The U.S. Department of Justice has awarded more than $2.4 million in anti-crime funding to the Utah Commission on Criminal and Juvenile Justice. The funds, provided through the Edward Byrne Justice Assistance Grant (JAG) Program, will be used by the state to prevent and control crime and improve the criminal justice system.

JAG program awards, administered by the Office of Justice Programs' (OJP) Bureau of Justice Assistance, enable states, tribes and local governments to support criminal justice activities based on local needs and priorities. Funds are used for training, personnel, equipment, and information systems for law enforcement programs, and for prosecution and court programs, drug treatment programs, corrections programs and technology improvement programs. The JAG program will allocate more than $300 million in 2007 to U.S. states and territories.
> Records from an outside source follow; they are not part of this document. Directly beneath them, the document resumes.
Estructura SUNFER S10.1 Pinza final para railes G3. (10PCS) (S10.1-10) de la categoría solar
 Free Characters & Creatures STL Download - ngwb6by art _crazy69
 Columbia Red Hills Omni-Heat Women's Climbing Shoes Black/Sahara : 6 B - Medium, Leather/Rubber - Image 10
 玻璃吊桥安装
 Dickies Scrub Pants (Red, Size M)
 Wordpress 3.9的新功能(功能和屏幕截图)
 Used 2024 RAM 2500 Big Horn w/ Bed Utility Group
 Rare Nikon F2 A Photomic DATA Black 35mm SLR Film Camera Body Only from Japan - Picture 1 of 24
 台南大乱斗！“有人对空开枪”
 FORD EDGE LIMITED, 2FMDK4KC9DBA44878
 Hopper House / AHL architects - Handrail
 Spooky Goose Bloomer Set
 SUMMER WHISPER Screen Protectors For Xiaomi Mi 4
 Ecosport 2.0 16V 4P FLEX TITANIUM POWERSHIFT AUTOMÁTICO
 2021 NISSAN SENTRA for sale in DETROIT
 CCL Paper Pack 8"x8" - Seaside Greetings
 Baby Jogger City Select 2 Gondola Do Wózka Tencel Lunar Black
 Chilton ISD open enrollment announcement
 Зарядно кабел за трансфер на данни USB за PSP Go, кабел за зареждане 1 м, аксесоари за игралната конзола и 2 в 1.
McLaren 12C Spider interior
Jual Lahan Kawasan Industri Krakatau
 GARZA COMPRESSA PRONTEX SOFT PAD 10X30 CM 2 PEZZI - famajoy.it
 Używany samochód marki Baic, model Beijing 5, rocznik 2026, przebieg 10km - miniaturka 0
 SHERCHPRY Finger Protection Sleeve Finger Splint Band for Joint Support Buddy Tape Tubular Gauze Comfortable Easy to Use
Awards are determined by a formula that includes a minimum allocation to each state as well as additional funds based on the state's population and crime statistics. JAG requires that states subgrant a portion of the funds to local units of government, such as a city, county, township or town. Faith-based and other community organizations are eligible to receive pass-through funding from the state, as are tribal governments.

First available in fiscal year 2005, JAG provides agencies with a single grant program that simplifies the administrative process and encourages states and communities to spend funds where they are most needed. JAG requires fewer fiscal and programmatic reports, saving state administering agencies and local programs valuable staff time and resources.

The OJP is headed by Assistant Attorney General Regina B. Schofield.